All of that points to a lack of preparation and motivation. It's difficult to get on Saban's case too much because of the success that he has had, but this was definitely a bad loss for the Alabama program.
It now creates a lot of questions regarding how the Tide will cope with life after McCarron and may erase Alabama as the favorite to win the national title next season.
Tide fans certainly hope that it was just a one-time slip-up that stemmed from the disappointment of not reaching the National Championship Game, though.
Bob Stoops Is the Best Head Coach in College Football
What was the biggest takeaway from the Sugar Bowl?
If the only measure of head coaching greatness is winning national championships, then Saban is the best in college football. With that said, there are other factors to take into account.
Saban had a stacked team that, by all accounts, should have run Oklahoma out of town in the Sugar Bowl. Stoops pushed all the right buttons on both sides of the ball, though, and there is absolutely no question that he outmaneuvered Saban in each and every way.

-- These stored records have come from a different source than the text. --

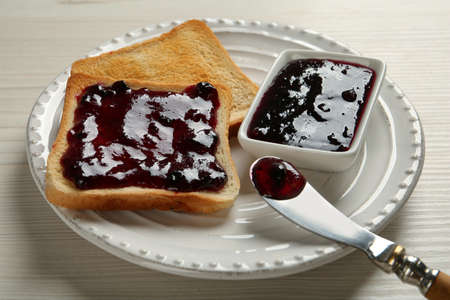 Delicious toasts with jam served on white wooden table, closeup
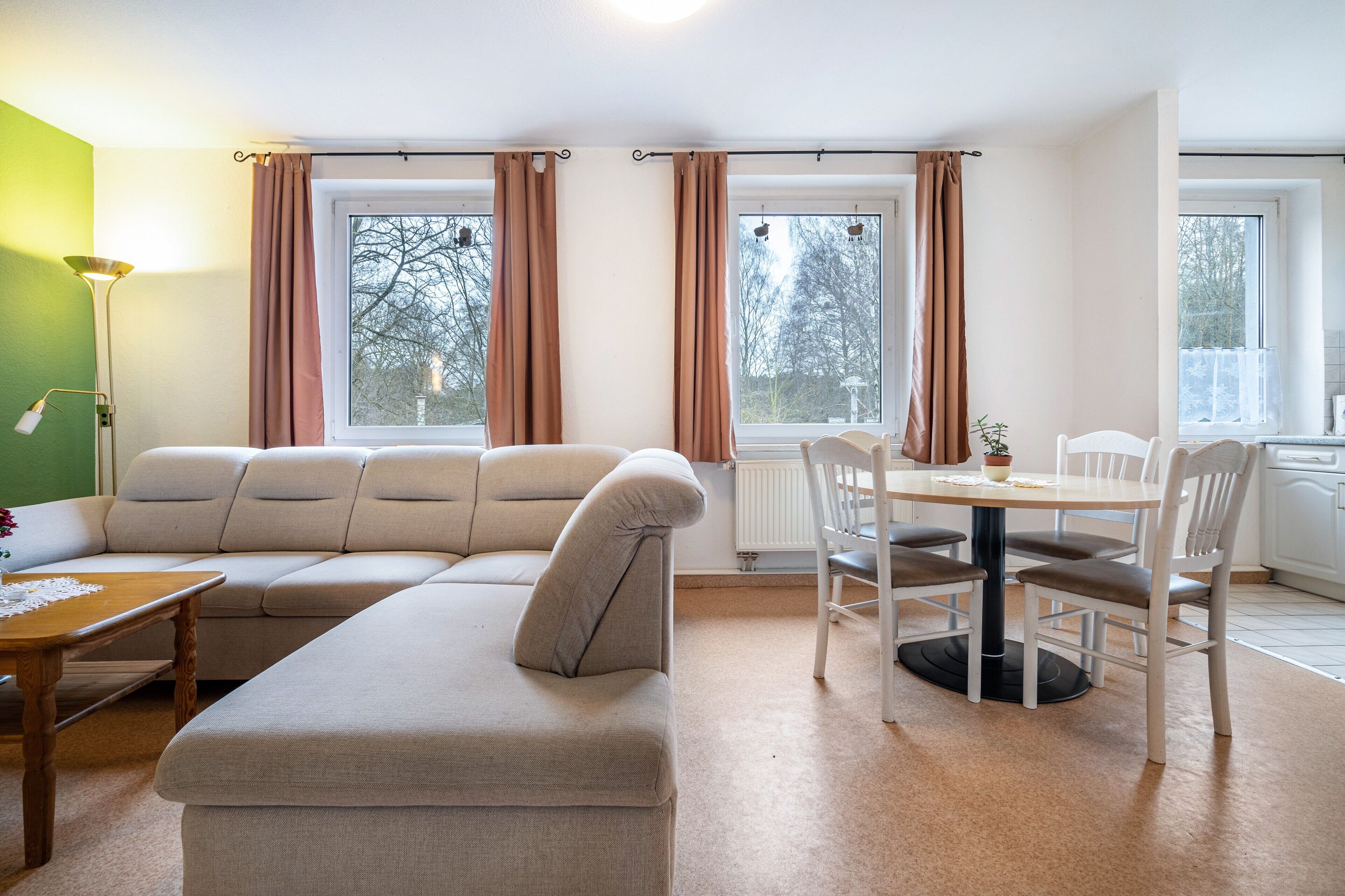 A modern living room with a sectional sofa, a dining table with chairs, and large windows with curtains.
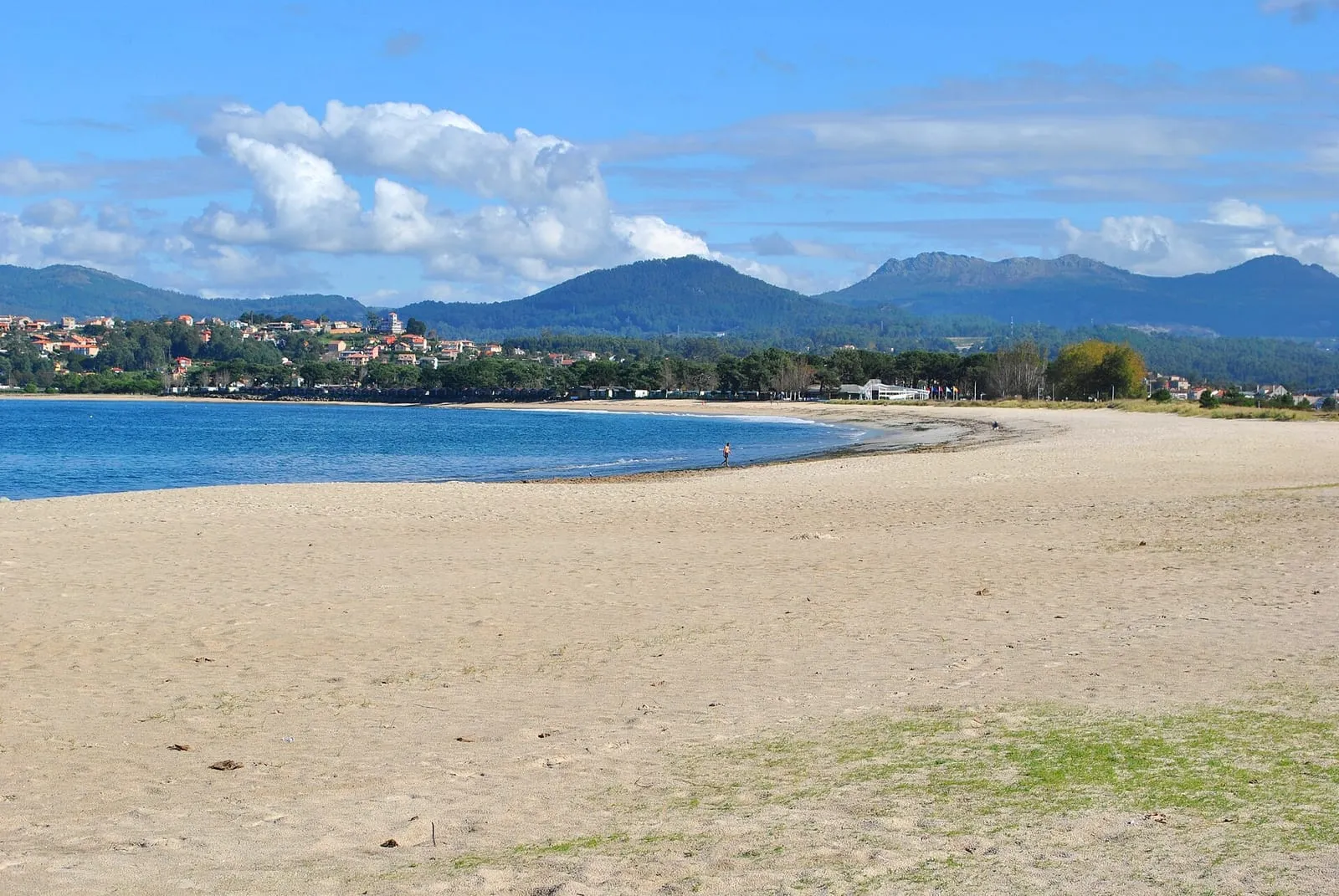 Playa da Ladeira en Baiona vista desde la arena, con el pueblo y los montes al fondo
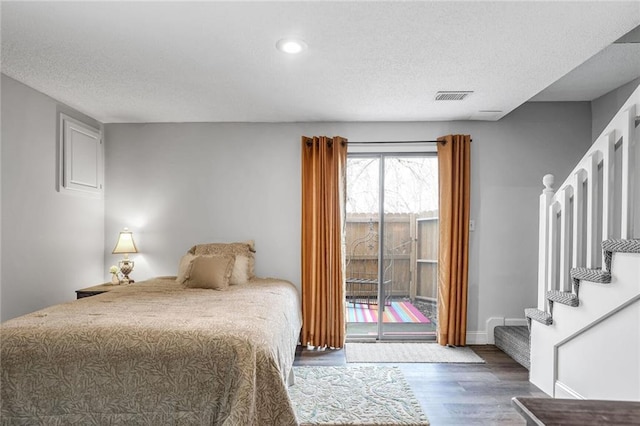 bedroom with access to exterior, hardwood / wood-style floors, and a textured ceiling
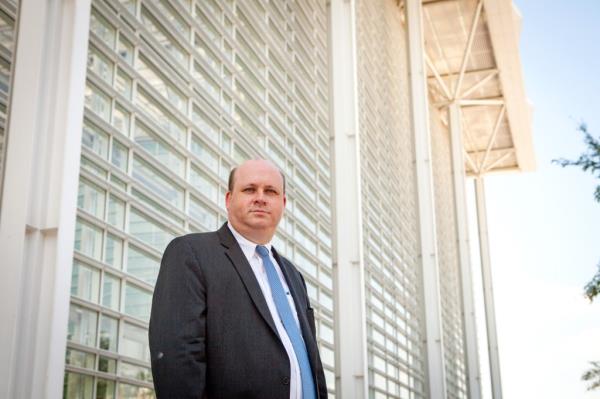 Attorney Marc Elias standing outside the Sandra Day O'Co<em></em>nnor United States Courthouse in Phoenix, AZ, after a hearing for a voting rights lawsuit in August 2016.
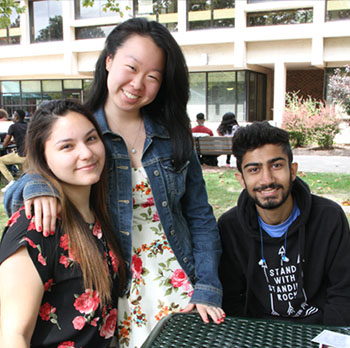 Three students socializing on the campus quad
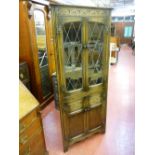 A PRIORY STYLE OAK CORNER CUPBOARD with leaded lattice glass doors, 170 cms high, 72 cms wide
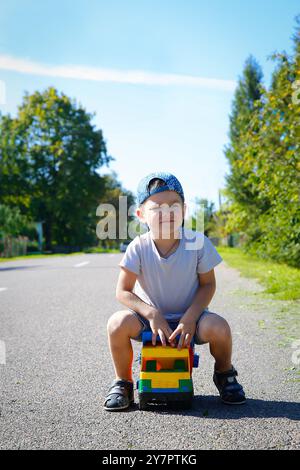 Un bambino sta guidando il suo luminoso e colorato camion giocattolo sulla strada sotto un cielo blu cristallino in campagna Foto Stock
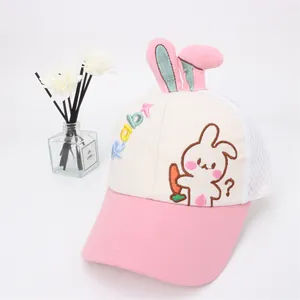 Detail of pink mesh cap for kids with cute rabbit ears and colorful embroidery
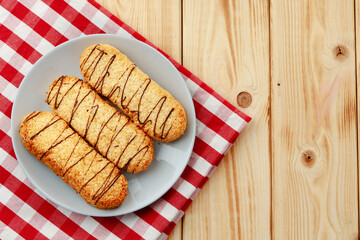 Shortbread cookies on wooden board close up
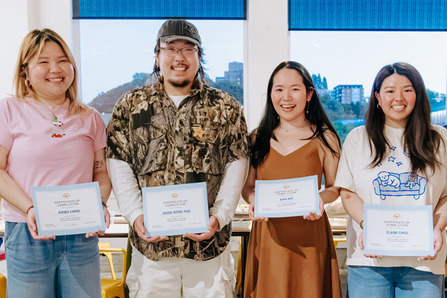 Four business owners standing in a line each showing a piece of paper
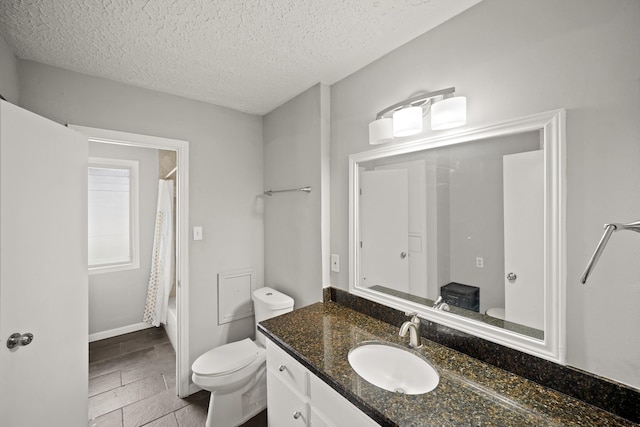 bathroom with shower / bathtub combination with curtain, toilet, vanity, and a textured ceiling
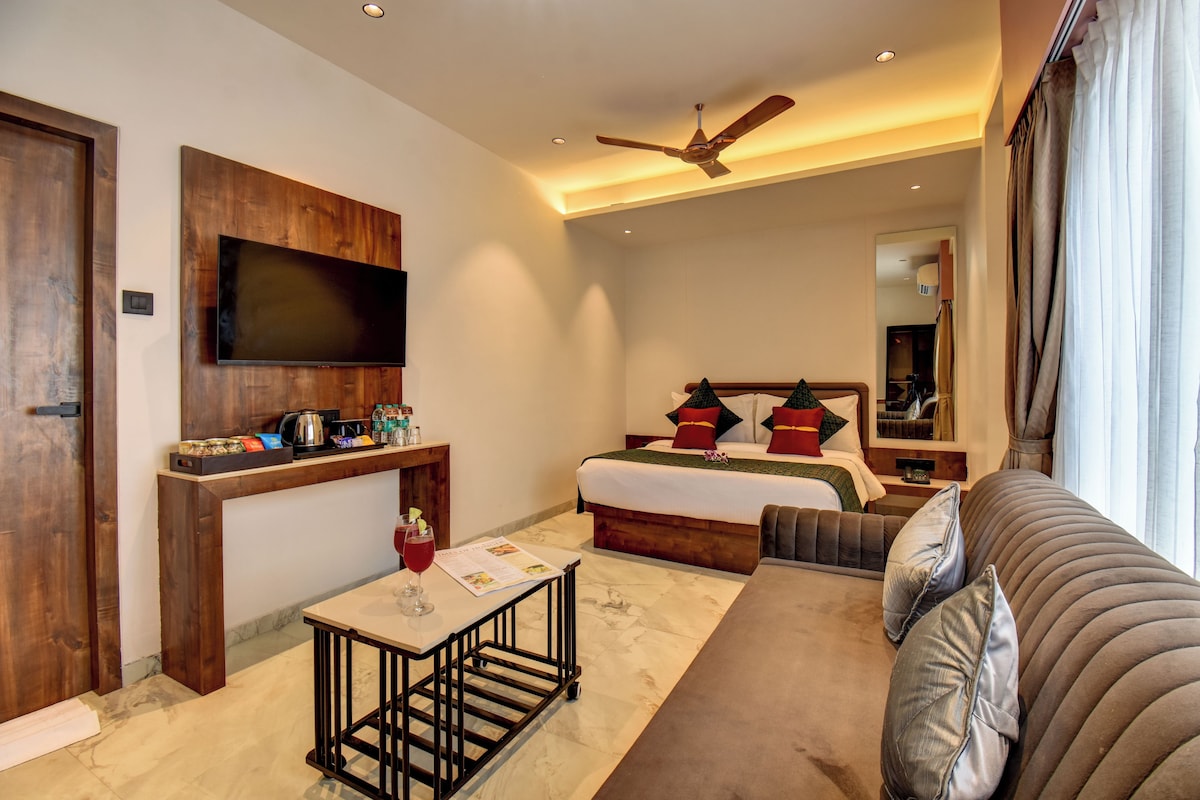 Une chambre d’hôtel avec un lit, un canapé, un téléviseur fixé au mur, un ventilateur de plafond et une petite table avec un verre à vin.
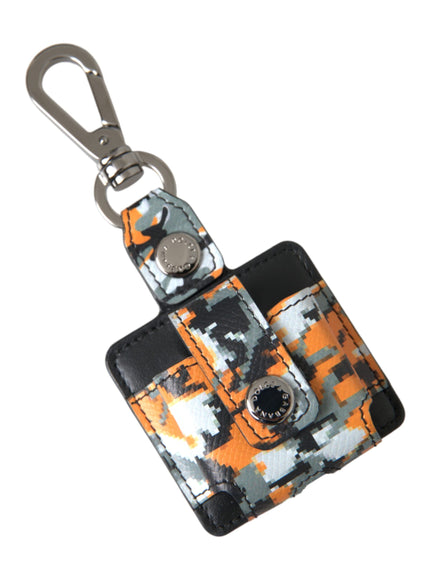 a camera keychain with an orange and black pattern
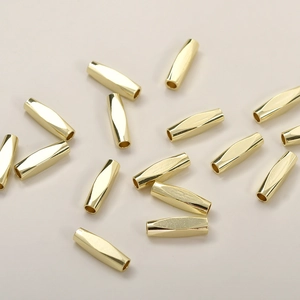 Macro view of 14k gold-plated faceted tube beads for DIY necklace and bracelet crafting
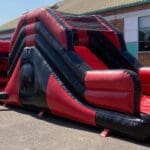 A 45ft red and black themed obstacle course end view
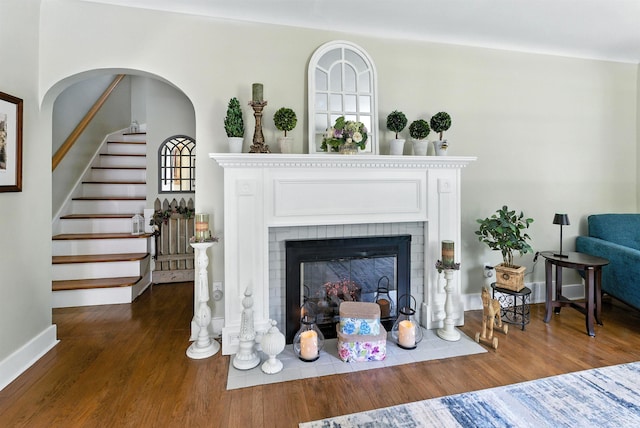 2816 Chippewa Ln, Midland, MI 48640 - living area featuring wood finished floors, stairway, and a brick fireplace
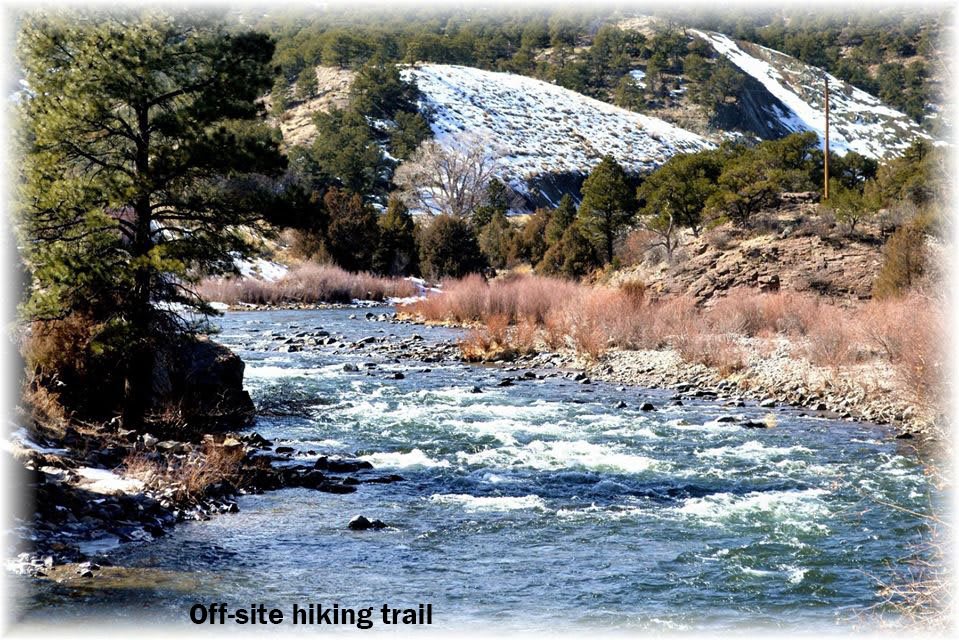 A scenic river flowing through a mountainous hiking trail.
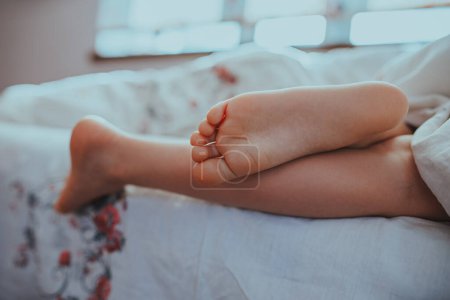 Photo for Feet of a sleeping baby on the bed - Royalty Free Image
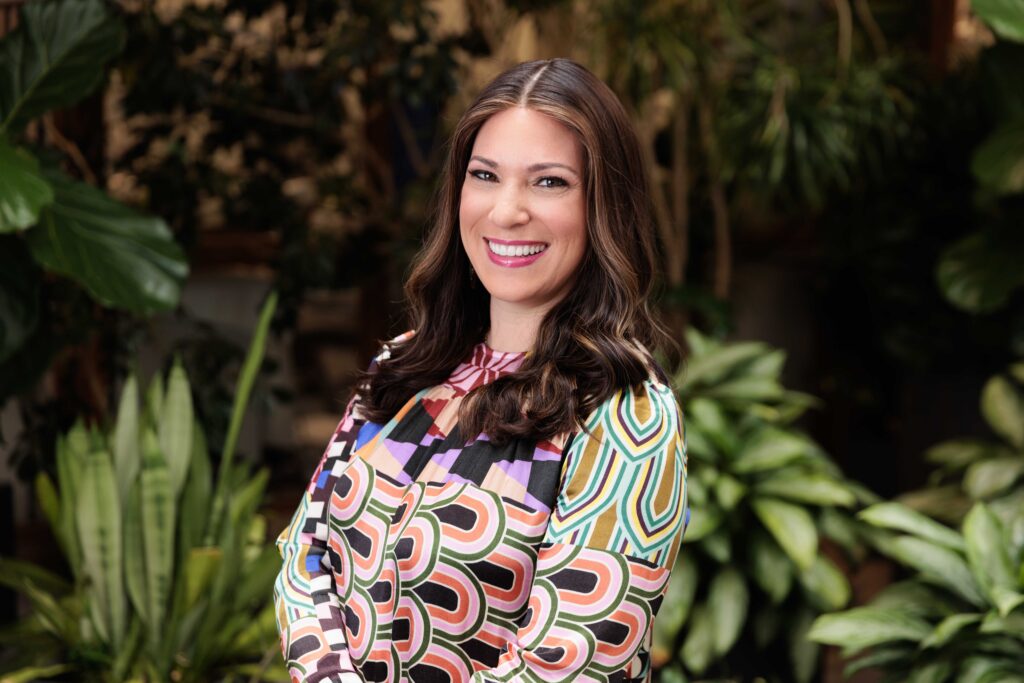 woman outdoor headshot smiling with greenery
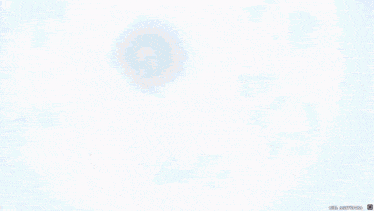 a blue sky with white clouds and a glowing circle in the middle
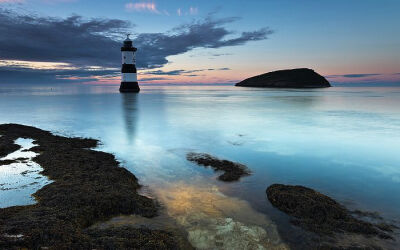 英国北威尔士的彭蒙灯塔，Penmon灯塔位于英国威尔士的安格尔西岛，旁边的角嘴海雀岛是这种海鸟的栖息地之一。Penmon Lighthouse and Puffin Island at Penmon Point on the Isle of Anglesey, Wales, UK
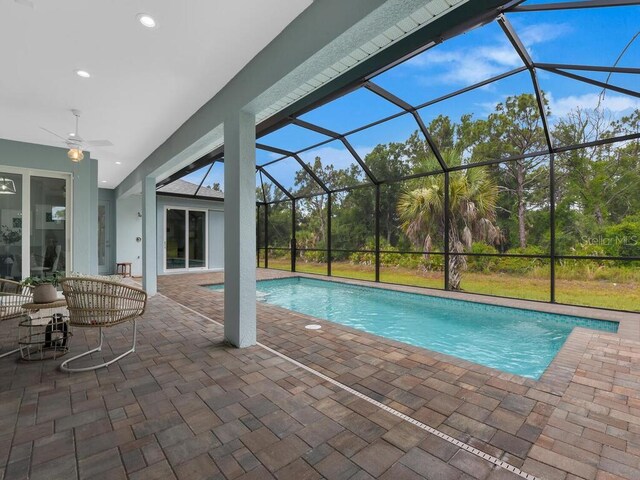 view of swimming pool with glass enclosure, ceiling fan, and a patio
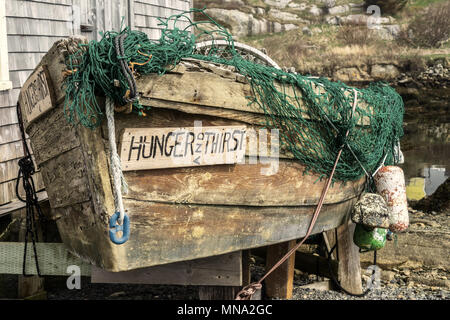 Vecchia barca da pesca denominata 'fame e sete" a Peggy's Cove, Nova Scotia, Canada. Foto Stock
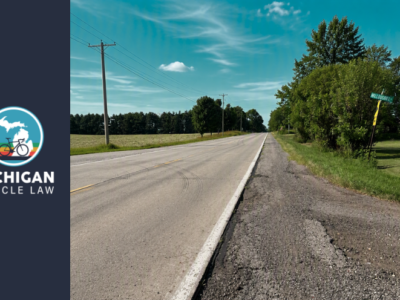 Deteriorating road shoulder alongside a rural Michigan roadway, illustrating maintenance issues that cyclists may encounter when riding in bike lanes and shoulder areas.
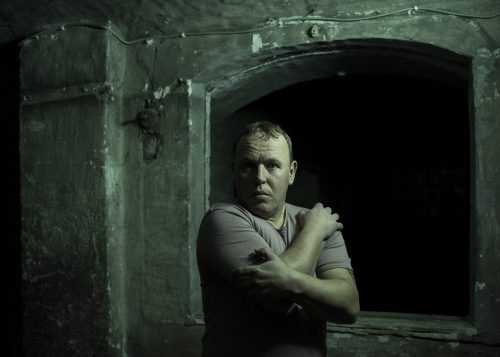 A man stands holding himself in a darkened prison cell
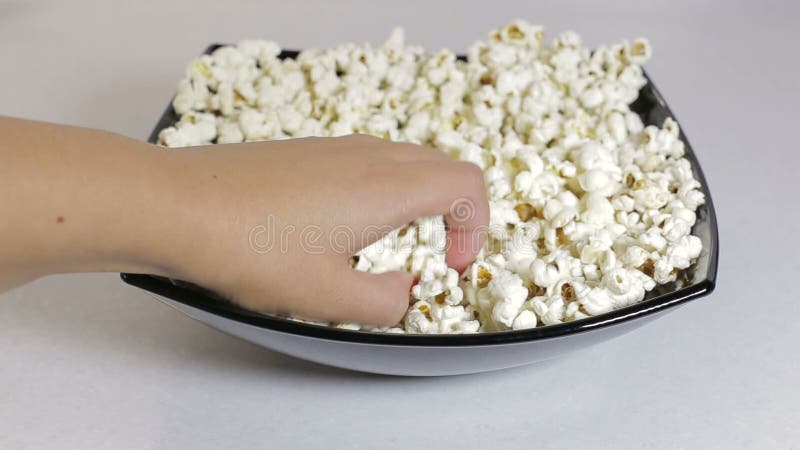 De vrouwelijke hand neemt de popcorn van een plaat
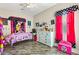 Charming bedroom with Minnie Mouse theme and built-in dresser at 7670 Frittata Ave, Las Vegas, NV 89113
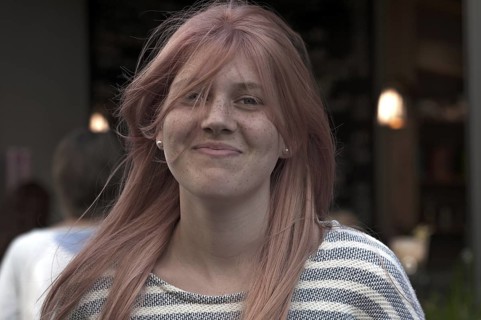 Smiling girl with freckles and waving hair, teenager, Freiburg, Baden-Württemberg, Germany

Stoops doesn't receive nearly as much credit as he deserves since the Sooners have won just one national championship under his watch, and that came way back in 2000. Oklahoma is in the mix every year, however, and Stoops has a lot to do with that.
By beating Alabama in the Sugar Bowl, SportsCenter noted that Stoops also became the first head coach in the BCS era to win every BCS bowl as well as a national title.
Crazy stat of the day: Bob Stoops is the only coach in the BCS era to win a Rose, Fiesta, Orange and Sugar Bowl. (via @ESPNStatsInfo)— SportsCenter (@SportsCenter) January 3, 2014
That is an immense accomplishment and most definitely shouldn't be ignored. Stoops had plenty of issues to overcome this season, but still managed to win 11 games, qualify for a BCS bowl and beat a team that many called the best in the nation.
Stoops did more than Saban with less talent in the Sugar Bowl and put his freshman quarterback in a position to thrive against arguably the best defense in college football.
Because of that, Stoops is the best head coach in the nation, and it's time for observers to recognize it.